GRAVEHOPPING von dem Slowenen Jan Cvitkovic steht dem entgegen,
verspricht vergnügliches Balkankino, mehr im Sinne Kusturicas,
aber nicht ohne die morbiden Momente der Existenz auszulassen.
Pero ist professioneller Begräbnisredner, dem sein eigener
Vater mit einer Vielzahl von Selbstmordversuchen zusetzt.
Er liebt Renata, die sich in anderweitigen, unschönen
Verwicklungen befindet. Tragisch und komisch, mit einer Prise
schwarzen Humors, stellt sich der Film dem Tod und dem Leben,
der Existenz.
Dokumentarische Formen spielen immer mehr in die Welt des
fiktionalen Films hinein, wo sich die Wirklichkeit nicht mehr
als endgültig fiktionalisierbar erweist, wo, wenn Geschichten
erzählt werden wollen, immer auch ein "wahrer"
Zustand des Landes miterzählt wird. Der israelisch-palästinensische
ATASH (dt. Durst) von Tawfik Abu Wael ist ein Beispiel, wo
über die Geschichte einer palästinensischen Familie
ganz viel von dem Zustand des Landes erzählt wird, ohne
aber vordergründig den israelisch-palästinensischen
Konflikt in den Fokus zu nehmen.

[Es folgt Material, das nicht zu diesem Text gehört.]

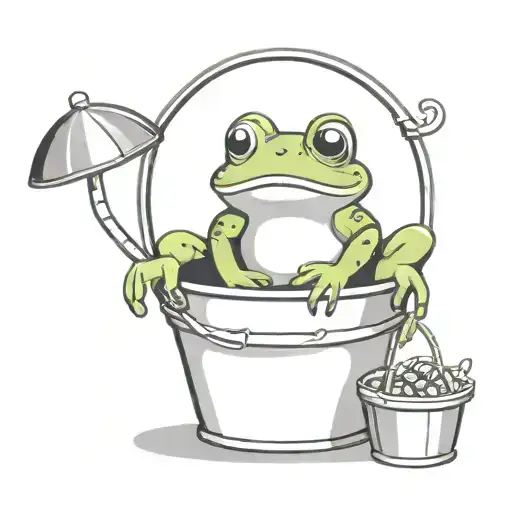 Cartoony Frog In A Bucket
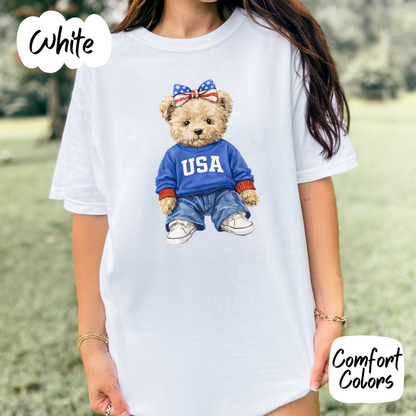 Americana Teddy Bear Comfort Colors T-Shirt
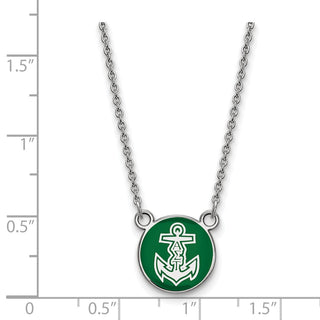 Sterling Silver Rhodium-plated LogoArt Alpha Sigma Tau Sorority Symbol Small Color Enamel Pendant 18 inch Necklace SS042ALS-18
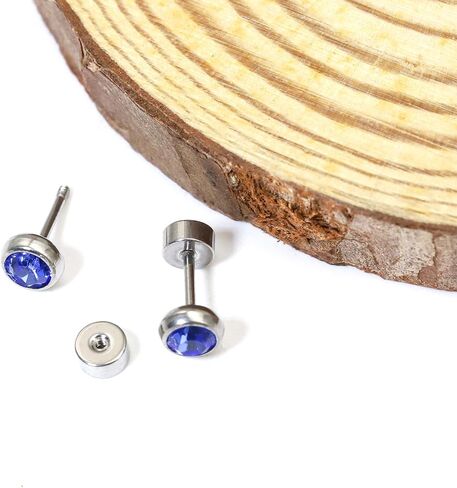 Blisi G23 Solid Titanium Studs أقراط مسطحة الإضاءة الخلفية سيام الأقراط ، المسمار اللامع الظهر الفضة الأقطاب Hypoallergenic 3mm/4mm/5mm الغضروف أحجار الراين الحلق اللولب tragus conch percing in Kuwait
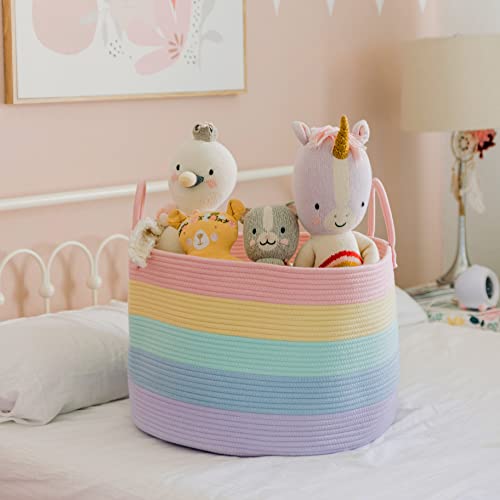 OrganiHaus Cute Basket for Rainbow Classroom Decor | Cotton Rope Baskets for Storage | Toybox for Pastel Room Decor | Extra Large Blanket Basket for Living Room | Toy Basket for Playroom Decor - 20x13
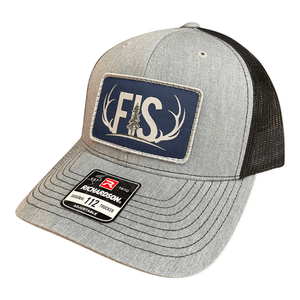 Gray trucker hat with a blue fis patch on the front
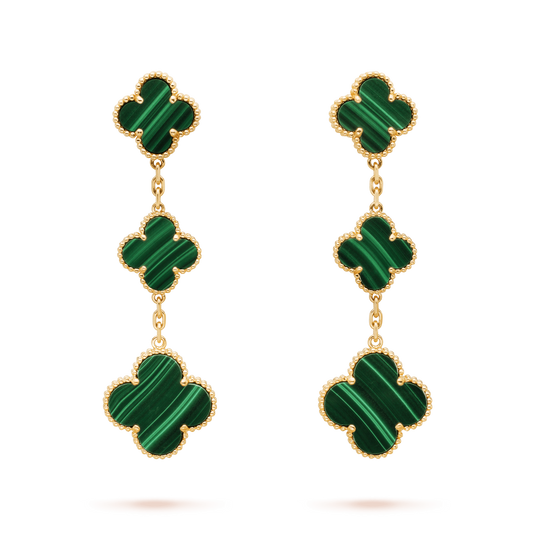 [Luxe Jewels]CLOVER MALACHITE 3 MOTIFS GOLD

Was potentielle westliche
Geldgeber irritierte, die dem Film ihre finanzielle Unterstützung
versagten. Die Geschichte von den Kohleflözern, die in
einem verlassenen Truppenübungsplatz ihr Dasein fristen,
geht aber weit über den familiär-politischen Plot
hinaus.
Die älteste Tochter der Familie wurde vergewaltigt und
hat nach palästinensischen Werten damit die Ehre der
Familie verletzt. Die Tradition gebietet eigentlich ihren
Tod, der Vater aber hat entschieden, mit seiner Familie ins
Exil zu gehen, fernab einer sozialen Gemeinschaft. Brisant
wird der Kampf ums Wasser an diesem verlassenen Ort. Weit
von der Pipeline entfernt, wird die Frage nach dem Durst zum
alltäglichen Kampf ums Dasein. Ein Existenzkampf, der
zeigt, wie sehr die Frage nach dem Wasser zur eigentlichen
Problematik geworden ist in den Ländern, in denen die
Sonne immer scheint. Das Öl, das wird angesichts der
wichtigen Wasser-Pipeline klar, ist mehr eine Frage der internationalen
Verflechtungen als alltäglicher Garant für das Leben.

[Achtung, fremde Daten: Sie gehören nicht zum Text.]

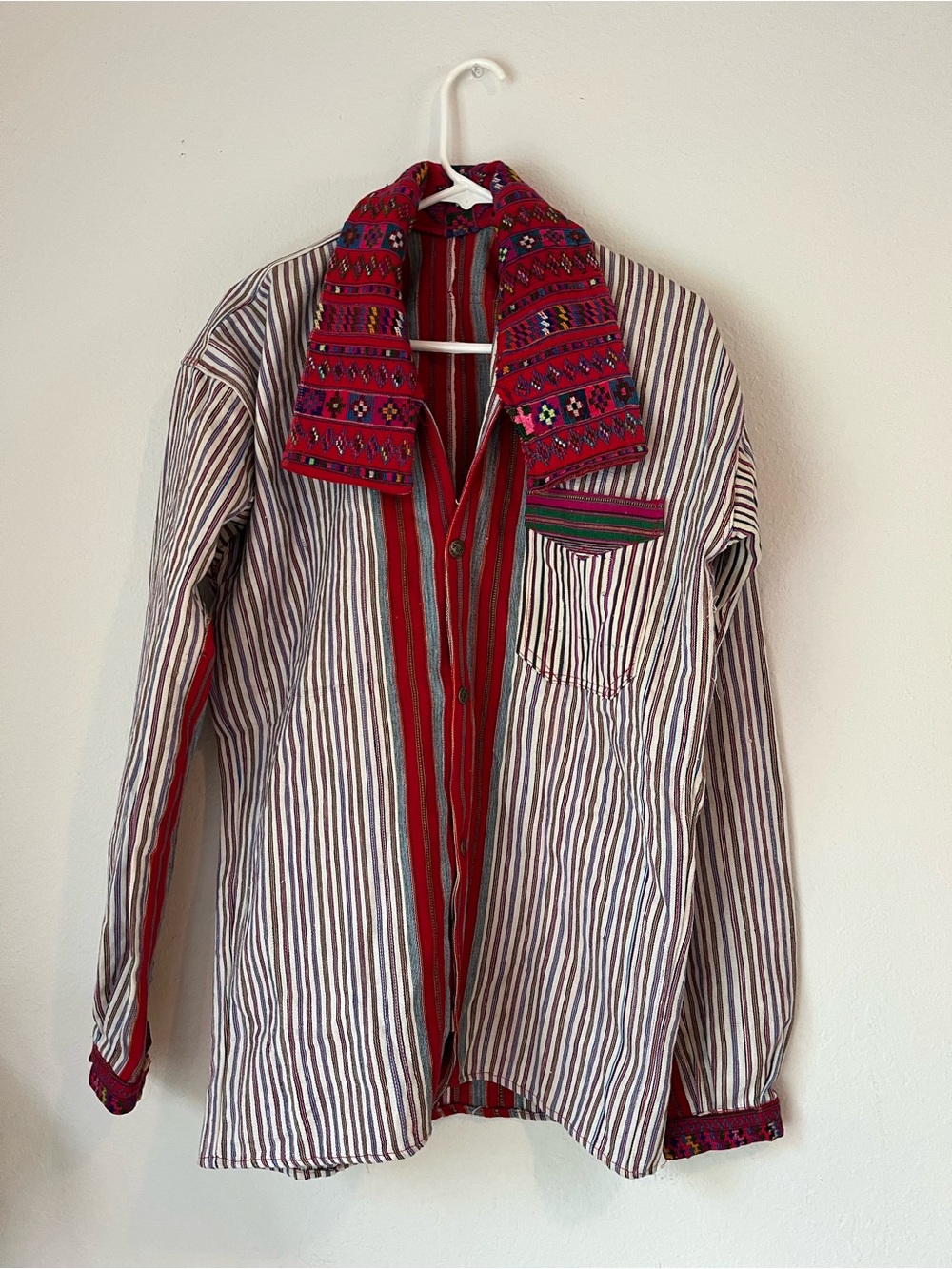 VTg Guatemalan Stripe Shirt 60s 70s Embroidered Color Size M/L Handmade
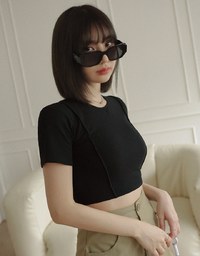 Structured Stitch Crop Top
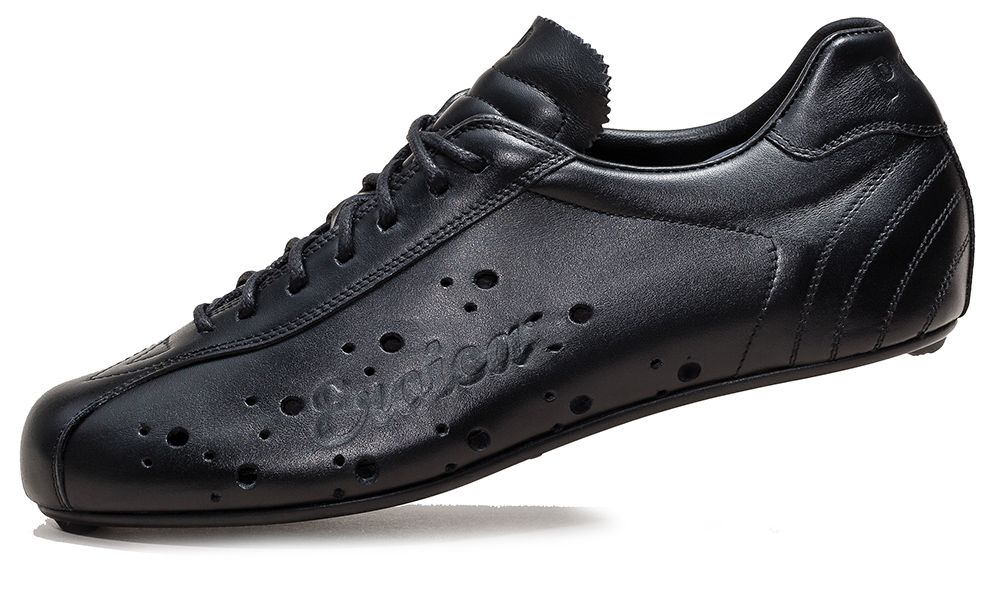Black all leather cycling shoes retro classic L'Eroica 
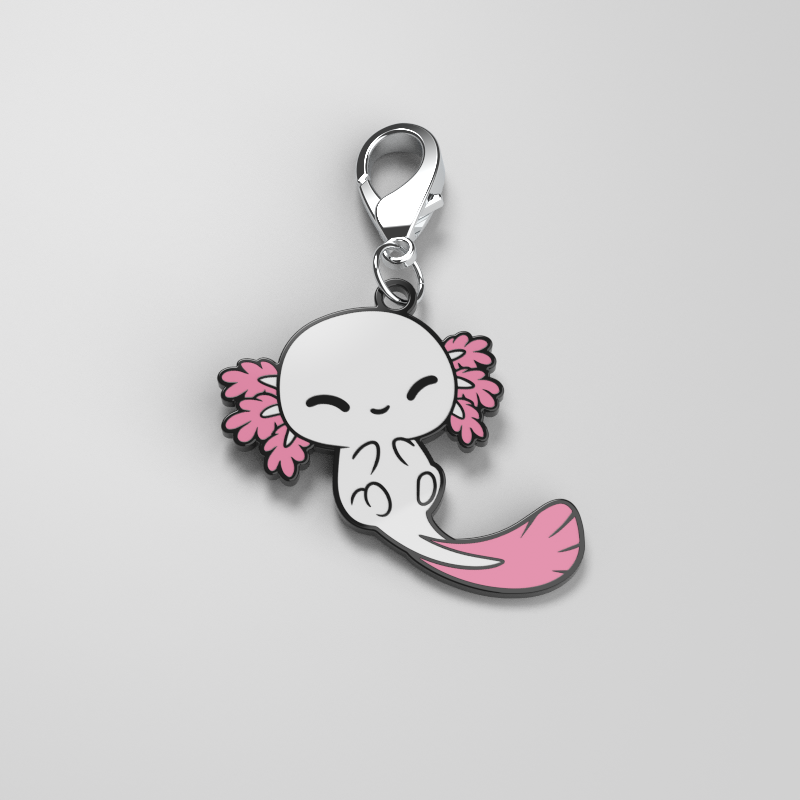 A cute Axolittle Enamel Keychain featuring a kawaii mermaid charm with pink hair, perfect for personal style.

Worum es in den östlichen mediterranen Ländern geht,
ist der Durst. Und auch der Durst nach einem selbstbestimmten
und freien Leben, jenseits der patriachalischen Werteordnung.
Wie unterschiedlich das Leben und die Fragestellungen der
Existenz sein können, das zeigen die Mittelmeertage in
ihrer eindrucksvollen Rundschau über Griechenland, Kroatien,
Slowenien, Serbien und Montenegro, Türkei, und natürlich
auch in dem Blick auf die heilere Welt von Frankreich. UN
HOMME, UN VRAI von Arnaud und Jean-Marie Larrieu zeigt im
Vergleich zu den östlichen Produktionen Leichtigkeit
und Müßiggang, darüber die Neuerfindung von
Wirklichkeit, die Selbstkreation. Boris und Marilyne waren
schon einmal ein Paar, als sie fünf Jahre später
zufällig wieder aufeinandertreffen. Sie beschließen,
ganz existentialistisch, ihrer Liebe eine neue Chance zu geben
und tun so, als würden sie sich eben erst kennenlernen.
Das Mittelmeer ist eben ein weiter Raum. Und schön
ist es, dass die diesjährigen Mittelmeer-Filmtage den
Blick weit halten. Übrigens wurde - zumindest in Deutschland
- zuerst 1984 auf der Berlinale der Blick auf die Mittelmeerländer
als Länder von Filmproduktionen gerichtet, die ganz eigene
Themen haben, auch ganz eigene Weisen, diese zu erzählen.
Damals wurde aus der "Info-Schau" das "Panorama",
abgeleitet vom damaligen "Mittelmeer-Panorama".
So sehen wir heute in München die "Mittelmeer-Filmtage"
als ein Stück Panorama, Berlins und der Welt, am Mittelmeer.